Autor:David Dastych
Źródło:Canada Free Press
„Why am I a writer? Why have I risked my life so many times, come so
close to dying? Is it to report the weirdness? To earn my salary? Mine
is not a vocation, it’s a mission. I wouldn’t subject myself to these
dangers if I didn’t feel that there was something overwhelmingly
important–about history, about ourselves–that I felt compelled to get
across. This is more than journalism.”
–Ryszard Kapuscinski interview by Bill Bufford („Granta Magazine”).
Rick, why did you have to die yesterday, only 74, while Augusto
Pinochet could die at 91? Do you know he died on December 10, 2006: on
Human Rights Day? We don’t miss him at all, but we all shall miss you.
Your loving wife, Alina, who was so kind and wrote letters to me in
prison in the 1980s, your daughter (whom I never met)–she lives in
Canada, hundreds of your friends, of whom I am a humble friend of yours
and an admirer of your unique personality and of your books for 45
years, since your first collection of journalist reports with a very
strange title „Busz po polsku” (The bush, Poland’s style) published
in 1962, when I was in America. But, first of all, poor people in
the whole world, in Africa, Latin America and Asia, people of all human
races will miss you, as you were their best advocate, who took them out
of the negligence and oblivion, the man, who told the 20 percent of the
world’s well-to-do nations that there was still 80 percent of the poor,
sometimes sick and hungry human beings to be considered and helped.
Yes–humans, not just statistical 'units’.
Do you remember how we were discussing about China, twenty years ago
(now you remember all, in heaven!)?. Then I told you about my strange
encounter with a million of poor, badly smelling and all dressed in grey
dungarees young Chinese, shouting in support of Mao Zedong in the
Tiananmen Square in Beijing, and about hundreds of corpses scattered in
Wuhan after a military charge. In 1967, China was a 'chaos under Heaven’
and in 1986, when we were talking, it was emerging from poverty and
dictatorship to be hit again by a massacre of students and passers-by in
the same huge Beijing square on June 4, 1989. At that time I was still
in a communist prison, but already happy and rejoicing the victory of
Solidarity in the first Polish half-free elections held on the same day.

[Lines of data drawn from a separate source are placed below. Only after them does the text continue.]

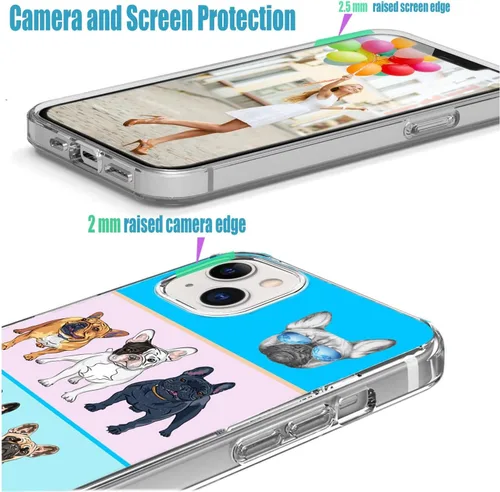 Miniatura 5 de Funda protectora completa a prueba de golpes, delgada, suave, TPU transparente, para iPhone 14/13 6.1, diseño de animales de dibujos animados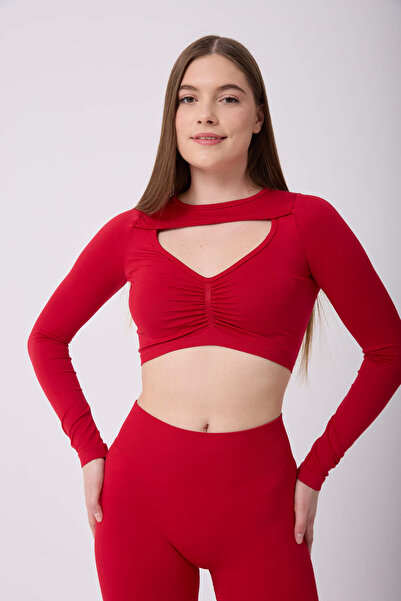 FOREVER MORE Kadın Uzun Kollu Göğsü Açık Dikişsiz Crop Top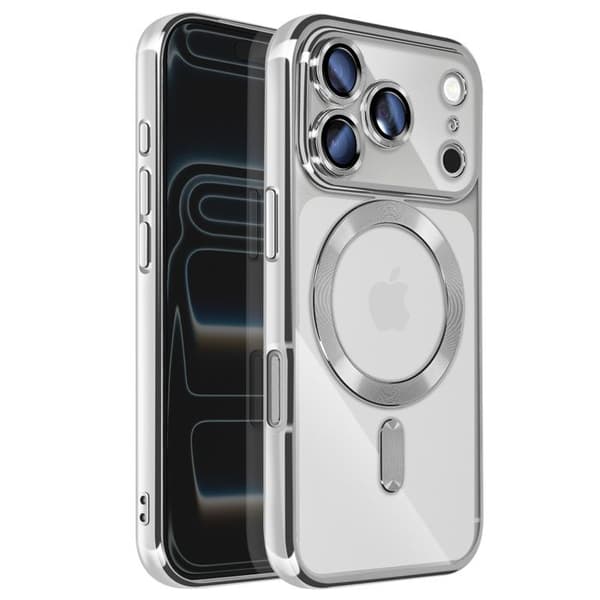 MagSafe-fodral - AVIZAR - iPhone 17 Pro Max - Kromad Silver - Elegant Skydd - Transparent Design Grå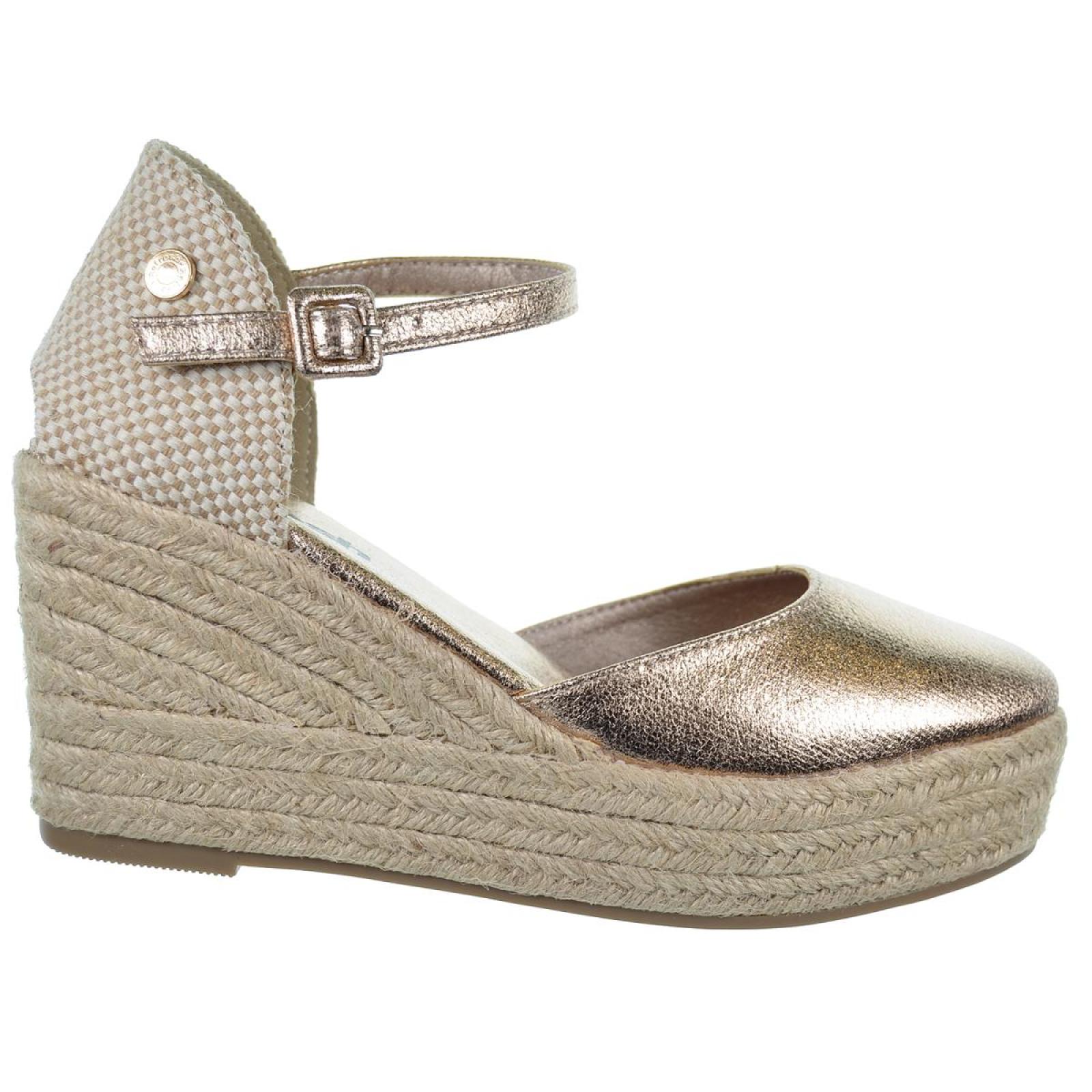 Refresh 171958 Alpargata metalizada Vegana Cuña Yute Mujer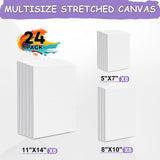 ESRICH Stretched Canvas for Painting, 24 Multi Pack 11x14, 8x10, 5x7(8 of Each) Blank Canvases for Painting, Primed Paint Canvas for Oil Paint, Acrylic Paint, for Beginners, Artists. ESRICH
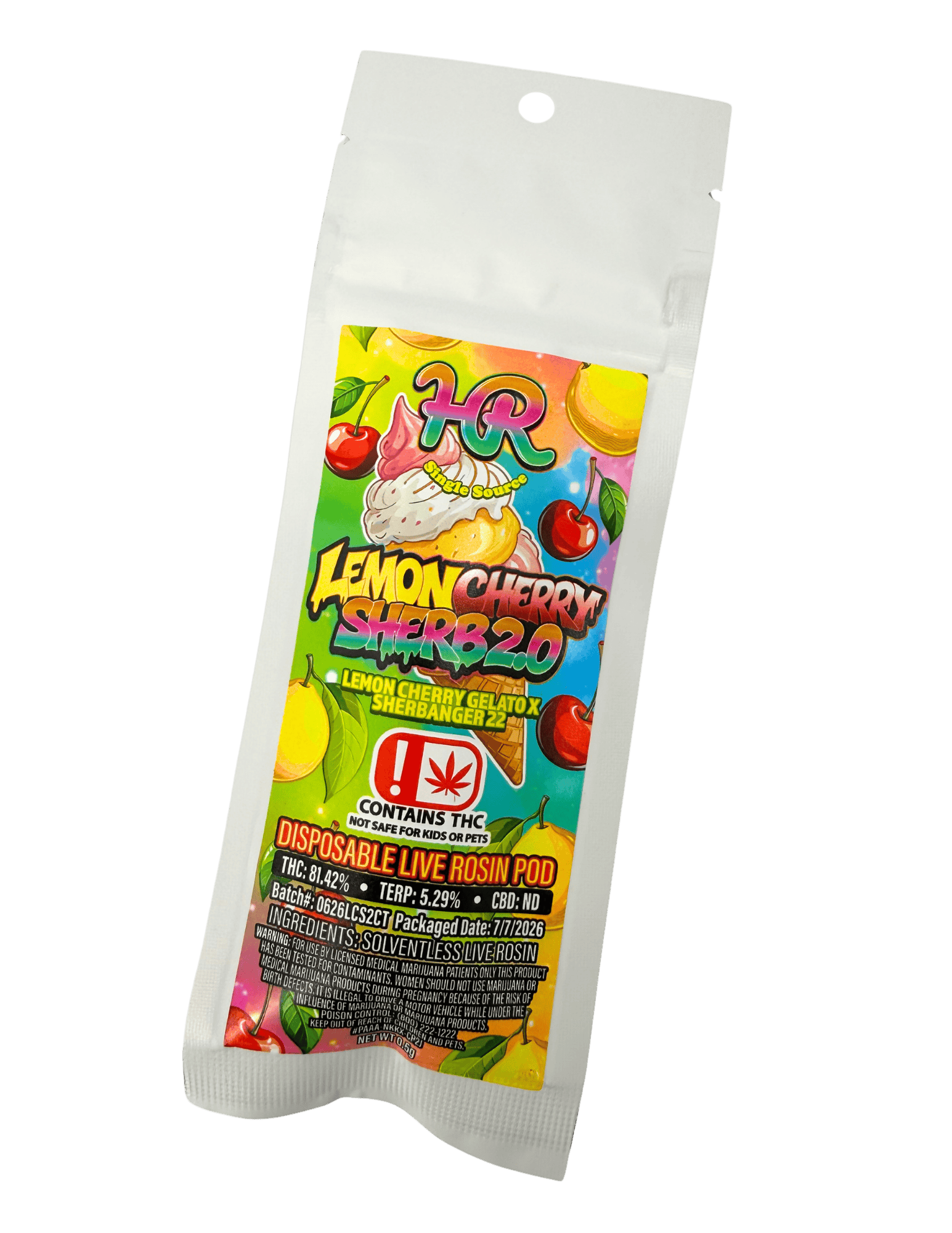 High Rise | Lemon Cherry Sherb 2.0 | Live Rosin Cart .5g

Twenty years ago, you told me that China would become one of the
leading world powers. And there it is.
Rick, you have told a Polish reporter (I don’t recall when): „My main
ambition is to show Europeans that our mentality is highly Euro-centric,
and that Europe, or rather part of it, is not unique in the world, but
that it is surrounded by an immense, ever increasing diversity of
cultures, societies, religions and civilizations. Life on this planet,
where there are more and more interconnections, demands awareness of
this fact and adjustment to radically new global conditions.” And on
some other occasion you said: „I write from on the move. I am not an
inventor. I don’t describe any imagined or purely personal world. I
describe the world that really exists.”
This world, you described for almost 50 years, was not a safe place.

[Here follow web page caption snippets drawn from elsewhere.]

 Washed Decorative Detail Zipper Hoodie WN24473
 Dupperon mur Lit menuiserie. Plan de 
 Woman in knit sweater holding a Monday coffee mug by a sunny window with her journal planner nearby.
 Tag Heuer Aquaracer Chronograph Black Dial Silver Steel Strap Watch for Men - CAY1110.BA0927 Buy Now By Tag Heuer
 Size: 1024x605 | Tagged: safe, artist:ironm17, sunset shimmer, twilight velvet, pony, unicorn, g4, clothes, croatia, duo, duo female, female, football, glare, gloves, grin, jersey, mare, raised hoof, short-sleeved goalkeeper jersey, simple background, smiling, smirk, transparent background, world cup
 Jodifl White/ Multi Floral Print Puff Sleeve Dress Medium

Our journalist colleagues and also your friend, well known to
me–Professor Wiktor Osiatynski – remembered in a TV chat yesterday that
you had witnessed 27 revolutions in many parts of the world, and you
had personally reported on 12 wars. I also know, from you, that four
times you were captured and walked to death. Polish Radio remembered
your description of how a person feels being brought to be shot. You
told how one’s body becomes 'detached’ and 'impersonal’, like a piece of
wood. Did I tell you how some mafia thugs wanted to shoot me in the
woods, in the early 1990s? I went with them (there was no choice but to
obey them) and I thought of my whole life, I was calm and stiff, I
couldn’t speak and my reactions were like in a dream. You have known
this, haven’t you?
But there are things that survive beyond the human life. Your books and
other writings, recordings of your voice and face in lectures and
interviews, also your thoughts, which are body-less but circulate freely
among people. You once said: „any kind of creative work requires
concentration and solitude. People who write poetry [and you did that
too, Rick] or paint pictures [you preferred to take photos] do it alone.

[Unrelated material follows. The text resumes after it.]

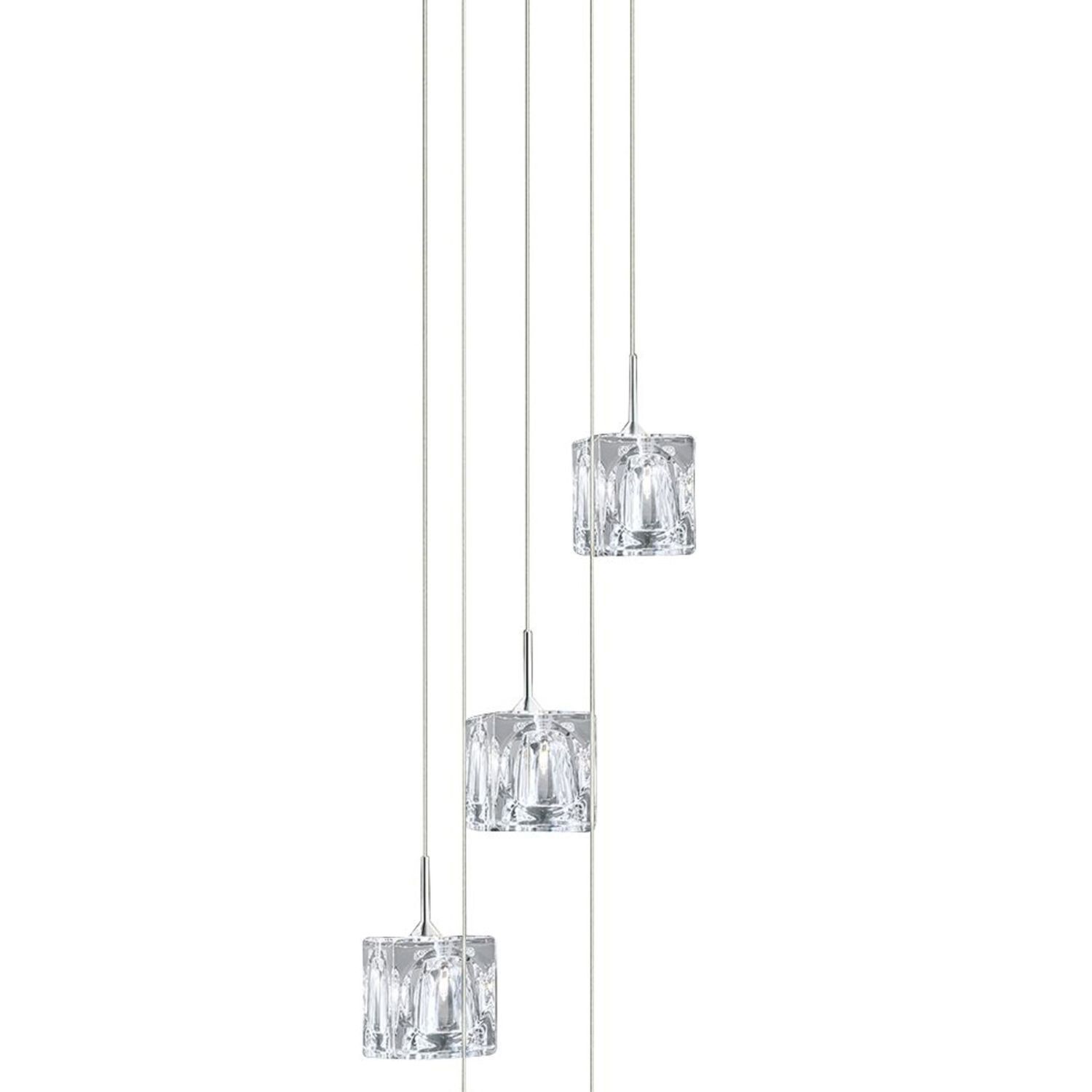 LED Hängelampe in Chrom Glas Metall 3000 K 5-flammig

And if that’s how we understand getting to know the world, then while
traveling you also have to be alone.” „Who goes with you on your
journeys”–somebody asked. „My thoughts and no one else”–you answered.
Rick, the good thoughts and remembrances of all of us will accompany
you on your last journey. Mine and Sophie’s, too. So leave this Earth in
peace, leaving to us your noble thoughts, perfect writings and noble
deeds. Excuse me, if I wouldn’t come to your funeral. You know I broke
my back twelve years ago and hardly can walk. Other friends will throw
lumps of dirt into your open grave, in my name. But when the sun will
melt snow, I shall go to this lovely graveyard and I shall put flowers
and little stones on the place of your rest. Adios, Rick!